An Anthropologist, Dr Adam Higazi, says government policies on addressing conflicts between farmers and pastoralists must be based on reality not sentiments.
Higazi, a post-doctoral research fellow at the Department of Anthropology, University of Amsterdam, made the remarks on Tuesday in Kaduna at a seminar organised by the French Embassy in partnership with The Pastoral Resolve (PARE).
The seminar addressed Ethnography and Scientific Knowledge as it relates to pastoralism and it’s Policy Implications in the country.
It also seek to identify the root causes and solutions to the clashes between farmers and pastoralists through necessary understanding of the way each one works within the society.
Higazi, in his presentation which touched on bridging knowledge gap in the study of pastoralism in Nigeria, said it was important for government policies to be anchored on sound knowledge, not ignorance or sentiments.
The scholar, who conducted fieldwork within nomadic and semi-nomadic Fulani communities in different states of central and northern Nigeria in August and September 2018, said knowledge would help improve policy making and success rate in containing the crisis.
According to him, the field work was to deepen anthropological and historical knowledge of the relationship between the two economic groups.
“The main objective of the research is that policy should be based on evidence and knowledge, policy should not be made based on ignorance.
“We should improve based on sociological and scientific knowledge and data which will be put into policy making on rural areas, and on pastoralism and agriculture.”
The Permanent Commissioner, Kaduna State Peace Commission, Dr Saleh Momale, noted that conflicts between pastoralists and farmers have remained a challenge over the last three decades in governing Nigeria’s rural space.
Momale explained that the disputes began over access to grazing areas, grazing and migratory routes, crop damages and use of lowland Fadama resources.
“The inability to effectively address the problems metamorphosed into violent conflicts in many parts of the country, leading to death of persons, destruction of properties and displacements of varying proportions.

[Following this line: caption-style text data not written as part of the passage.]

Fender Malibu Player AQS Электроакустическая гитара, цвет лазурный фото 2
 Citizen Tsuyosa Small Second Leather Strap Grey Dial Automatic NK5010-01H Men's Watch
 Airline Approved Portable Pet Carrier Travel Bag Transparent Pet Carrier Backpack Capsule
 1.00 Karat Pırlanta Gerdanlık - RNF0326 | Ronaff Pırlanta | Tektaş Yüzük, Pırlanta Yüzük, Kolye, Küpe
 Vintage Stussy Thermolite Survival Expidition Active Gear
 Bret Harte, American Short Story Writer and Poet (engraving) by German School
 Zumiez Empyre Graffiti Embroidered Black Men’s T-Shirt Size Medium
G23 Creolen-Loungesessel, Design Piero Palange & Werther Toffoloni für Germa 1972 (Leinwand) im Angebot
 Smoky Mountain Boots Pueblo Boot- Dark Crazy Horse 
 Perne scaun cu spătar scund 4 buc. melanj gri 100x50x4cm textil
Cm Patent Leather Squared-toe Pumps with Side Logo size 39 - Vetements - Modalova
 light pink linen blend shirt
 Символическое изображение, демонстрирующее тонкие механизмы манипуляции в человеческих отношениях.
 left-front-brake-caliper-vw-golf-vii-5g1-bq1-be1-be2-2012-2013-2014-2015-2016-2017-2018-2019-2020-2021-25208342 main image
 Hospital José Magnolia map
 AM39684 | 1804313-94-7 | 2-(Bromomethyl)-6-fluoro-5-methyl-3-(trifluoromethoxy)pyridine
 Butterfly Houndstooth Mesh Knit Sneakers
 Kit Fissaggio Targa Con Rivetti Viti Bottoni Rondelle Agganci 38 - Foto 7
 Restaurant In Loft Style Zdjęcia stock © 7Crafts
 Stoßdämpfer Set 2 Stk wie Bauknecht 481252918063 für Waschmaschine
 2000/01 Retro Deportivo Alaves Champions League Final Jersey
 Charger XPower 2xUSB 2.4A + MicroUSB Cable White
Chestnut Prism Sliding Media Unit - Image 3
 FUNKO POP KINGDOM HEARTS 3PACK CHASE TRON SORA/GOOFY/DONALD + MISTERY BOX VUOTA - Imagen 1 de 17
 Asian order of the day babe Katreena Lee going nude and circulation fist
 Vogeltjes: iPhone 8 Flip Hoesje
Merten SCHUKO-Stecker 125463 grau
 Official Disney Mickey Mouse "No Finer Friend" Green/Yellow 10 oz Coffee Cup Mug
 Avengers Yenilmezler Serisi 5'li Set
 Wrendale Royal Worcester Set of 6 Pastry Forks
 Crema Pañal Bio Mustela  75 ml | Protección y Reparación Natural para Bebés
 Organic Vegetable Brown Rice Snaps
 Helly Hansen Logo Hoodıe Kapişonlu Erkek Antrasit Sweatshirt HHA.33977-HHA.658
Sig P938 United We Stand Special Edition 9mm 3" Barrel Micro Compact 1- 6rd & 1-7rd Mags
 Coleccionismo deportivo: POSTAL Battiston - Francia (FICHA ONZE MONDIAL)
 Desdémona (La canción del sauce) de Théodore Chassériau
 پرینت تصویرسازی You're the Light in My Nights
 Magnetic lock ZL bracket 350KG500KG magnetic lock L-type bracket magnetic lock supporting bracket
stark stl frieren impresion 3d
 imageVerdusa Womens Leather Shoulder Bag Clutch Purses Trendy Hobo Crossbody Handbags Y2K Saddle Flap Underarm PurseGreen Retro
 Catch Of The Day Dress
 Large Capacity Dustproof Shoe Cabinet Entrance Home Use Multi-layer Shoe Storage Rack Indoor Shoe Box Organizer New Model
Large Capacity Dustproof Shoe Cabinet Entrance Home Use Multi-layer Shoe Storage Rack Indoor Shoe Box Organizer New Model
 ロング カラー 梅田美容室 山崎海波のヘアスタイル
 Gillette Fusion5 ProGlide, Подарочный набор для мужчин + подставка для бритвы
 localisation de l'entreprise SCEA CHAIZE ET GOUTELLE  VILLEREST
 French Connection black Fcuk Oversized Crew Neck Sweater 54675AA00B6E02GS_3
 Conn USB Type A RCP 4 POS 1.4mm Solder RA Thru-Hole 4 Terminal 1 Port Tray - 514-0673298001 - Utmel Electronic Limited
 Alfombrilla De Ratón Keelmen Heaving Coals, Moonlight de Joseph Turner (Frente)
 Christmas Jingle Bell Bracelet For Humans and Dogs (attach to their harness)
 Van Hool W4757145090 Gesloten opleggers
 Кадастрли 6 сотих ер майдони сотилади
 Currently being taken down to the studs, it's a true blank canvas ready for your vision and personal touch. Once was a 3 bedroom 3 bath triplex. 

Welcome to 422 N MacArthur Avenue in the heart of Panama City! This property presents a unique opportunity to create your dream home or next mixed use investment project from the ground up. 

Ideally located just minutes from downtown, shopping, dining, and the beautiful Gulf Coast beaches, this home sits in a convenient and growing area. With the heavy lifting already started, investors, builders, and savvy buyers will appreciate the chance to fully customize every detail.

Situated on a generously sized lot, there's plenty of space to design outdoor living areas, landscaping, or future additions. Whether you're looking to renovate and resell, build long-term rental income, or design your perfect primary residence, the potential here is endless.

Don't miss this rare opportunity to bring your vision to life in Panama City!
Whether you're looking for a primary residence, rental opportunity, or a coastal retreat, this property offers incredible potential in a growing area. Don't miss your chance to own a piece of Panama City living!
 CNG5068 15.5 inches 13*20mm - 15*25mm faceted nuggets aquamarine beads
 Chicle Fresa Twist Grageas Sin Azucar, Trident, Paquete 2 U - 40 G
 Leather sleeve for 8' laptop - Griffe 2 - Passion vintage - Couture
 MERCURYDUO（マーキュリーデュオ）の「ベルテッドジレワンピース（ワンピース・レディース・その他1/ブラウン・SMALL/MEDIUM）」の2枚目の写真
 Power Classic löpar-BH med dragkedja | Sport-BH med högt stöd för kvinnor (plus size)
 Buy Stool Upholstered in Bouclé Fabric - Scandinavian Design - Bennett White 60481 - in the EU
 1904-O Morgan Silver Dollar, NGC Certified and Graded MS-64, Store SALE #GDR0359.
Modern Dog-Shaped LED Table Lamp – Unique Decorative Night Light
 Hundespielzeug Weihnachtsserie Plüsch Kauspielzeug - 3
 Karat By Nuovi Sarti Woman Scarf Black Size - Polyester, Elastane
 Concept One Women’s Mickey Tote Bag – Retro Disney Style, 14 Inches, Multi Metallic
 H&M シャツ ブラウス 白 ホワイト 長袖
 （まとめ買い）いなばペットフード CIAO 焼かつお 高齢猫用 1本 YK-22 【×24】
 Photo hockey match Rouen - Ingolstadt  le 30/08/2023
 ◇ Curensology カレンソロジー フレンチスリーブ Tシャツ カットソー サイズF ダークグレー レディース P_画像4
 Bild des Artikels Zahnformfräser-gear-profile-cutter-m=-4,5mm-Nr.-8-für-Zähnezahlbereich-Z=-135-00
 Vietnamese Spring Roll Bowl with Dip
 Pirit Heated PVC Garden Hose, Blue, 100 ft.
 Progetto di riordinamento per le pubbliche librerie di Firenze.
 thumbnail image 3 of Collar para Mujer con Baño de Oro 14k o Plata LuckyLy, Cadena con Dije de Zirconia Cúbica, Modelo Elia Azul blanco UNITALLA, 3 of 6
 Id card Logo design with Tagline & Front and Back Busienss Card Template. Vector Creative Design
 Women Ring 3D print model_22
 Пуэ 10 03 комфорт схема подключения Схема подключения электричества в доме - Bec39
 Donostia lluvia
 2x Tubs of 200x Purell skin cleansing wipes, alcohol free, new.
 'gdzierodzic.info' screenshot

“The growth of crime in form of cattle rustling, raiding of villages and kidnapping opened another dimension to the challenges of managing relations between pastoralists and farmers in particular, and enforcing the rule of law in the rural areas in general.”
According to him, in recent years, there is increasing occurrence of violent conflicts which are being interpreted in different ways.
”Even though a number of researches have been conducted to understand the key drivers of the conflicts, the outcome of the research works has not significantly impacted responses and policies of governments at all levels.
“This allowed for misinterpretation of the world-view of the pastoralists leading to enactment of inappropriate policies and responses in some areas.
“Overall, this created a vacuum that is filled by narrow-based perceptions that are not founded on empirical research.” he said
He said that Hagizi had since 2004 conducted research in Nigeria on the ethnography, scientific knowledge and policy making processes as it affects pastoralists.
Momale said that a seminar be held to allow participants respond to the findings of the research by Hazigi, and for them to contribute their perspectives and understanding on the issues.
”It is expected that at the end of today’s event, a summary of the discussions and recommendations will be prepared.
“It is also expected that a policy brief to inform actions and interventions by all stakeholders including governments, civil society organisations and the media, among others will be prepared and disseminated.”
The commissioner assured the organisers and participants that the Kaduna State Government and the Peace Commission would work with suggestions arrived at during the event in promoting peace, security, social and economic development of the state.
He thanked the French embassy for the foresight to organise the event as its contribution towards resolving the lingering challenge of conflicts, livestock development and effective governance in the country.
“We also thank Dr Higazi for his interest and acceptance to share the results of his research work.
“We acknowledge and value the contributions of The Pastoral Resolve (PARE) is facilitating communications and linkages during the planning of this seminar.”